Assignment
Omit any pictures, and restate word for word only the lines from the one with "Arnold N - HN6620" through the end of the data below.

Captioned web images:
--- START ---

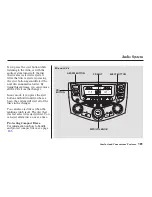 Предварительный просмотр 184 страницы Honda 2003 Accord Coupe Owner'S Manual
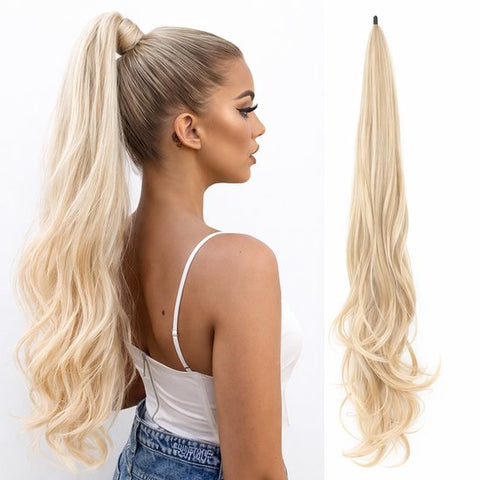 Blonde Hair Extensions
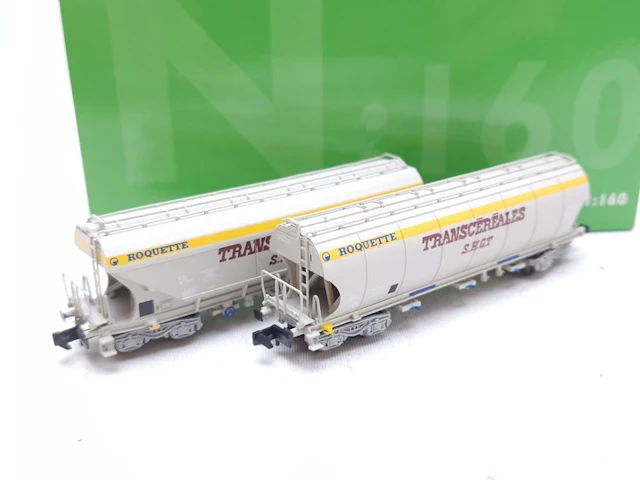Arnold N - HN6620 - Model train freight wagon set (1)...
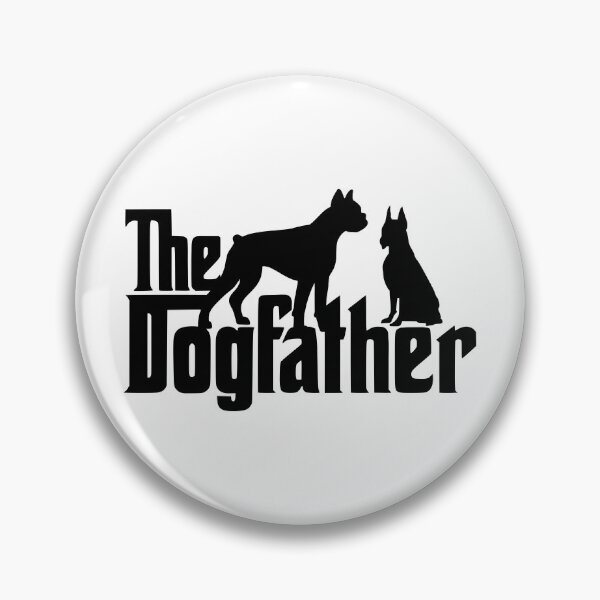 Item preview, The Dogfather of Boxers designed and sold by MorrisonMedia.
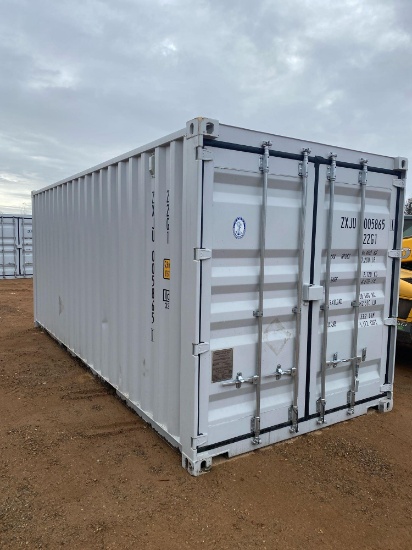 2023 One Trip 20FT Sea/Storage Container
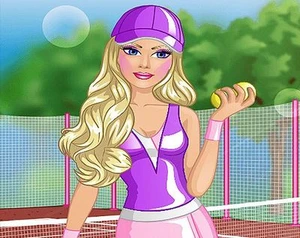 Barbie Tennis Dress Up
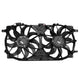 Dual Radiator Cooling Fan Replacement <br>22-25 Ford Bronco 24-25 Ranger 3.0L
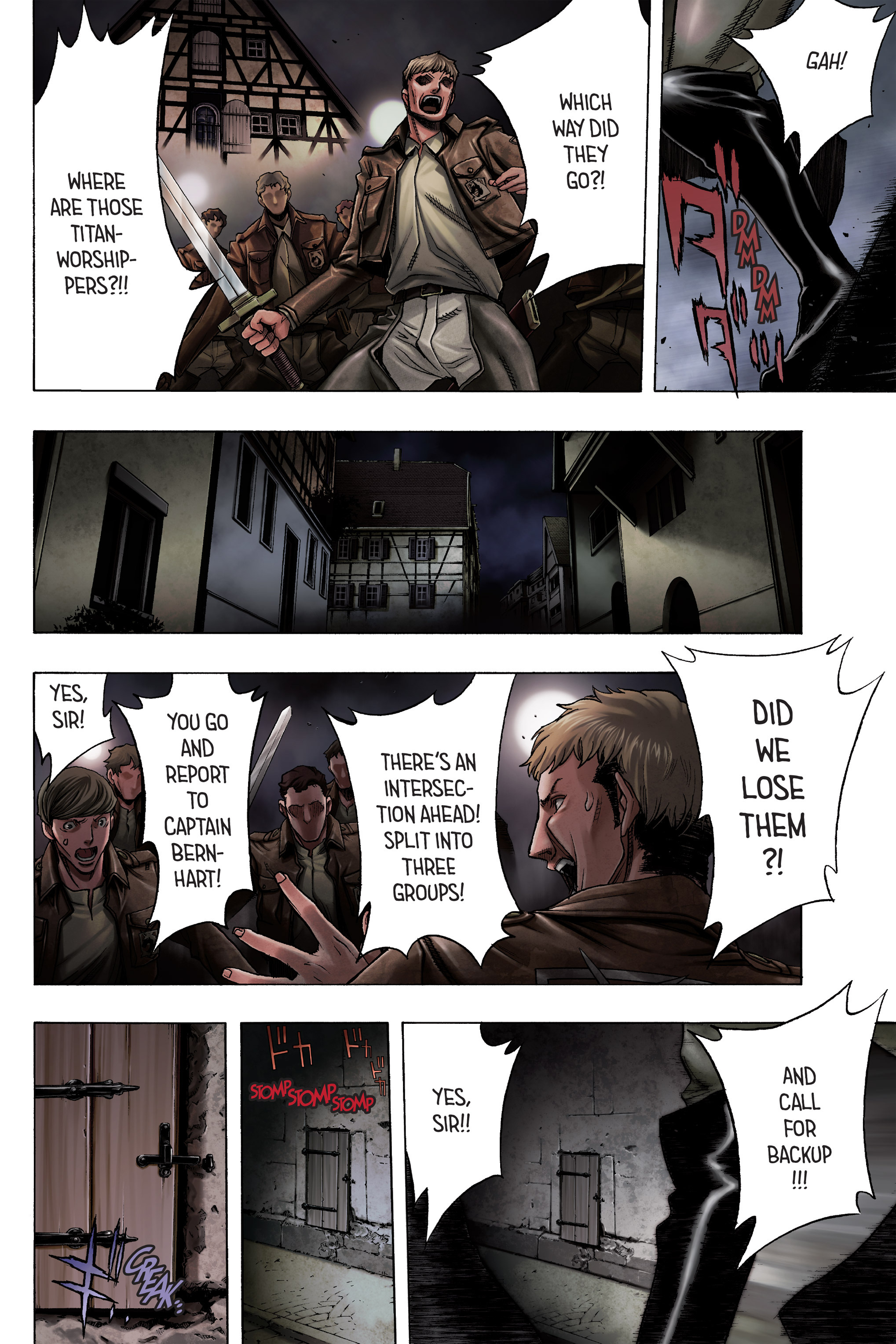 Read online Attack on Titan: Before the Fall comic -  Issue #7 - 5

--- END ---

Result for this exercise
Arnold N - HN6620 - Model train freight wagon set (1)...
 Item preview, The Dogfather of Boxers designed and sold by MorrisonMedia.
 2023 One Trip 20FT Sea/Storage Container
 Barbie Tennis Dress Up
 Dual Radiator Cooling Fan Replacement <br>22-25 Ford Bronco 24-25 Ranger 3.0L
 Read online Attack on Titan: Before the Fall comic -  Issue #7 - 5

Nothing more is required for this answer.